> [EXCERPTED DATA]
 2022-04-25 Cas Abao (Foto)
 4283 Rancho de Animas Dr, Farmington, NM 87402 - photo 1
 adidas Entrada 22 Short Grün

==

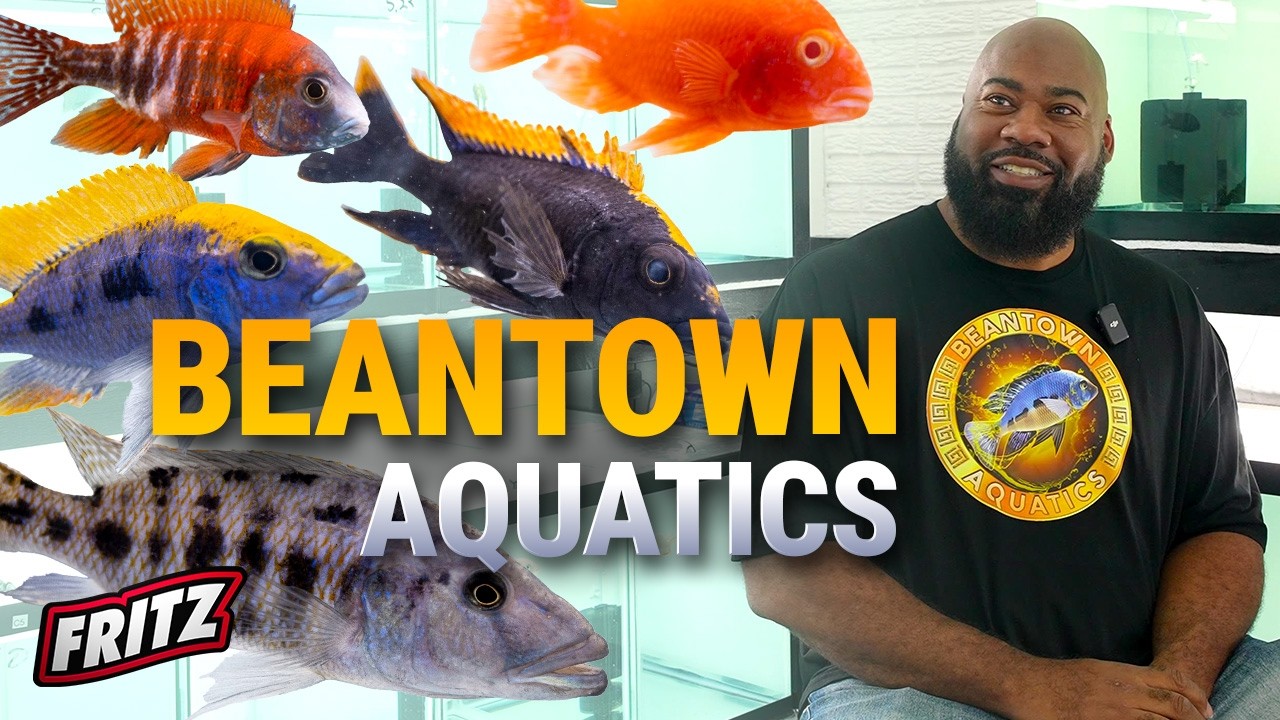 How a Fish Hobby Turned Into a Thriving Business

> [TASK PROMPT] Return only the stretch of the material above from the line holding "4283 Rancho de" through the line holding "adidas Entrada 22 Short Grün", copied exactly.

> [RESPONSE]
 4283 Rancho de Animas Dr, Farmington, NM 87402 - photo 1
 adidas Entrada 22 Short Grün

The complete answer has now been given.